Many of these startups ask me for recommendations for PR agencies. While I’ve got a lot of friends who do PR work and this is undoubtedly a necessary industry, I’m les sure whether traditional PR is a valid approach for a cash strapped startup looking to get a toehold in a new market.
I was reminded of this when reading a blog post recently from Stowe Boyd. Stowe was reflecting on a similar conversation that he’d had with a European software company at the Web 2.0 Expo – the gist of Stowe’s advice was that new entrants should look at two particular areas – thought leadership and the formation of an advisory board.
Now I need to admit that this is somewhat self-serving for both Stowe and I. He’s undoubtedly considered a thought leader in his space and I’d also like to think that I’ve garnered something of a following in mine. We’re also both involved in advisory work with startups – so what we both say has to be seen in that light. That said however I agree entirely with what Stowe suggests.
I’m involved in a few different initiatives that, I believe, show the value of a strategy such as this.
18 months or so ago, Zoho approached a few of us with the idea of creating a cloud computing focused blog. The idea being that there was an entirely new space that not many credible blogs where covering deeply. The aim of the initiative was for Zoho to be aligned with something that would become (and in my view has become) the “go to place” for critical analysis in the cloud space. Sure Zoho could have published their own blog (in fact they already did, and continue to do so) but there was an understanding on their part that aligning themselves with something with obvious independence would prove valuable.
The SaaS world is a surprisingly small space – the 200000 or so miles I flew last year got me to a bunch of events around the place and that, along with my willingness to take briefing calls pretty much anytime, mean that I’ve met, either physically or virtually, a good proportion of the SaaS vendors – big and small. This connection, along with the fact that I’m not solely employed by any one vendor, means that I’m a reasonably handy guy to have around for a startup wishing to make connections in the industry. That also works the other way around and I’ve done a bunch of work helping larger businesses connect with small players.
All this, coupled with the fact that I spend an inordinate amount of time watching the industry and have developed a fairly good understanding of what makes it tick, means I’m a reasonably useful person to bounce ideas off. Many startups have used this fact – either formally or informally, and it’s something I enjoy and am happy to do.

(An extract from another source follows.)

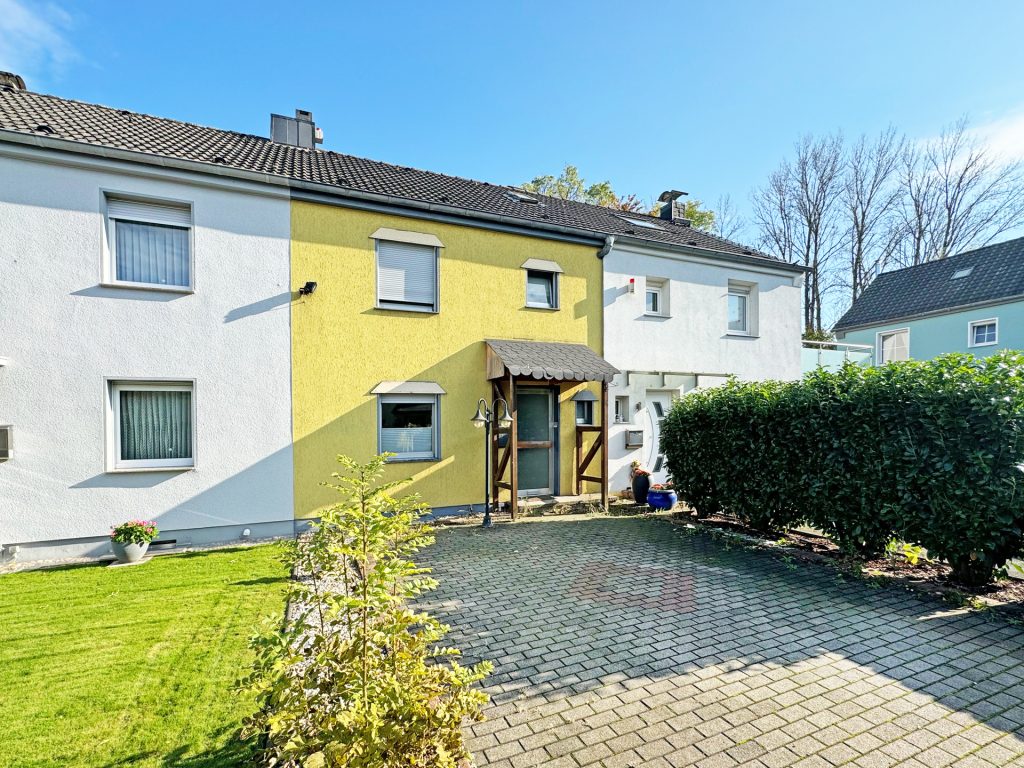 Außenansicht Immobilienangebot - Bochum - Alle - Attraktives Reihenmittelhaus in guter Lage
von Hofstede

Determine the line, and don’t cross it
Of course for people like Stowe, who are independent thinkers, being paid to provide thought leadership for individual entities can prove problematic. I don’t believe however that this is an insurmountable goal – all one needs to do is have clearly articulated boundaries within which one is happy acting – anything outside of these boundaries is off the table. I had a recent example of this – an organization I provide some written content for was organizing an event where they were going to pitch their wares. They asked me if I could contact all my connections to pimp the event – clearly this is something that I’m not comfortable with – it wouldn’t have done anything for my credibility to be pimping a vendor pitch to be industry contacts – and, by extension, in doing so I would have harmed the very value of the help I was giving them.
So there you have it – startups in bootstrapping mode, don’t despair and think you need a five figure retainer for a PR agency – with a bit of creativity and an open mind – you can achieve a lot.